_Data_:
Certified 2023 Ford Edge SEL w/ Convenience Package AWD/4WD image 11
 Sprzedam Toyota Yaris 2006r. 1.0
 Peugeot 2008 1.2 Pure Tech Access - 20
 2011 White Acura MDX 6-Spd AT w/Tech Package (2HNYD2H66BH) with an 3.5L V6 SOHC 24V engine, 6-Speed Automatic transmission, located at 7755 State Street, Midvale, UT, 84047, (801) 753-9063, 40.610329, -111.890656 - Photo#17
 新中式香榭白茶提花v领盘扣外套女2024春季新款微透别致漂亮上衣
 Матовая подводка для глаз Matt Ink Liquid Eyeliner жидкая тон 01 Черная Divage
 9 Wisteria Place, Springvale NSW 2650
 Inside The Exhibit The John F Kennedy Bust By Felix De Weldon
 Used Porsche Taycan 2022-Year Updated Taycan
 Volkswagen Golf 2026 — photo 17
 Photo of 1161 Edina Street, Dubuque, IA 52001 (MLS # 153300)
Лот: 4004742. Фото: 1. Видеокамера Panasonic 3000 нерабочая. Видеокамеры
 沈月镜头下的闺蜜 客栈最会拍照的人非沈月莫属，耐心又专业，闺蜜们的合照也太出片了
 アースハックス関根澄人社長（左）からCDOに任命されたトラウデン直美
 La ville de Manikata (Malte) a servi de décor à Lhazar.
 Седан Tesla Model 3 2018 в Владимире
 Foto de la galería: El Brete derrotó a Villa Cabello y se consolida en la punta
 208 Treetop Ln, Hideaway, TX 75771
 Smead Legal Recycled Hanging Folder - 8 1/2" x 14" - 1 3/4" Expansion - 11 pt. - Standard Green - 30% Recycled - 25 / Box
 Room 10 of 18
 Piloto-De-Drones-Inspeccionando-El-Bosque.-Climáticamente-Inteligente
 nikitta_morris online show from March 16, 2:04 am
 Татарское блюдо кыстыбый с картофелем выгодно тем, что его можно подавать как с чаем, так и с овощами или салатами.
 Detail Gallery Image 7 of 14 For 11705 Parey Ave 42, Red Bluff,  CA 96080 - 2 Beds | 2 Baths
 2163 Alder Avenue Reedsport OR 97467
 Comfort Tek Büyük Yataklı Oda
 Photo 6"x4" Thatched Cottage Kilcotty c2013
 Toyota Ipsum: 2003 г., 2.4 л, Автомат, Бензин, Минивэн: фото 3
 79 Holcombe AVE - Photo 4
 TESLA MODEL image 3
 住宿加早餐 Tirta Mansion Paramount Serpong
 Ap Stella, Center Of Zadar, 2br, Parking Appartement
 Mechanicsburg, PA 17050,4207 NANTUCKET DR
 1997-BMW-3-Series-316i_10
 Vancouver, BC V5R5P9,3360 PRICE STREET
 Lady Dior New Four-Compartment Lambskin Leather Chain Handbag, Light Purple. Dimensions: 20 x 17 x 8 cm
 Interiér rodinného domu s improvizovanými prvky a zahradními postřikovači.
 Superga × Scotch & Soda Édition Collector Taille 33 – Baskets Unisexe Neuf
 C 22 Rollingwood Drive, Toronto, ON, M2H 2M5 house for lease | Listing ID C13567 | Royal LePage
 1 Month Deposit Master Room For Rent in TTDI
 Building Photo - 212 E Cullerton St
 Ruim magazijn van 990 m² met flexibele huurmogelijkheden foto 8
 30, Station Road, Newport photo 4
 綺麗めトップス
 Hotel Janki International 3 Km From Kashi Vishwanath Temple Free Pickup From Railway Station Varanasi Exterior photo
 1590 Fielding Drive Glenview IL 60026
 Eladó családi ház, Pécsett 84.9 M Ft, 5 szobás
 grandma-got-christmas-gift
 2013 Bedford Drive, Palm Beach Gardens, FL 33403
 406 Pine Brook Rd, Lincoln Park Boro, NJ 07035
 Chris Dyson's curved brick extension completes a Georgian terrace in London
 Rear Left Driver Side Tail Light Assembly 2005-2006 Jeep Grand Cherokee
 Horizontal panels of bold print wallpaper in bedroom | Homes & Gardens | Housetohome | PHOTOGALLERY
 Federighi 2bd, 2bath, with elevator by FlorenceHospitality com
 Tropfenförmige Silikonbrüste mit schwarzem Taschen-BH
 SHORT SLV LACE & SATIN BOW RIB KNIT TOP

_What to work on_: Starting at the line above that holds "Comfort Tek Büyük Yataklı Oda" and ending at the line that holds "C 22 Rollingwood", transcribe each line exactly and include no other lines.

_Response to this exercise_:
 Comfort Tek Büyük Yataklı Oda
 Photo 6"x4" Thatched Cottage Kilcotty c2013
 Toyota Ipsum: 2003 г., 2.4 л, Автомат, Бензин, Минивэн: фото 3
 79 Holcombe AVE - Photo 4
 TESLA MODEL image 3
 住宿加早餐 Tirta Mansion Paramount Serpong
 Ap Stella, Center Of Zadar, 2br, Parking Appartement
 Mechanicsburg, PA 17050,4207 NANTUCKET DR
 1997-BMW-3-Series-316i_10
 Vancouver, BC V5R5P9,3360 PRICE STREET
 Lady Dior New Four-Compartment Lambskin Leather Chain Handbag, Light Purple. Dimensions: 20 x 17 x 8 cm
 Interiér rodinného domu s improvizovanými prvky a zahradními postřikovači.
 Superga × Scotch & Soda Édition Collector Taille 33 – Baskets Unisexe Neuf
 C 22 Rollingwood Drive, Toronto, ON, M2H 2M5 house for lease | Listing ID C13567 | Royal LePage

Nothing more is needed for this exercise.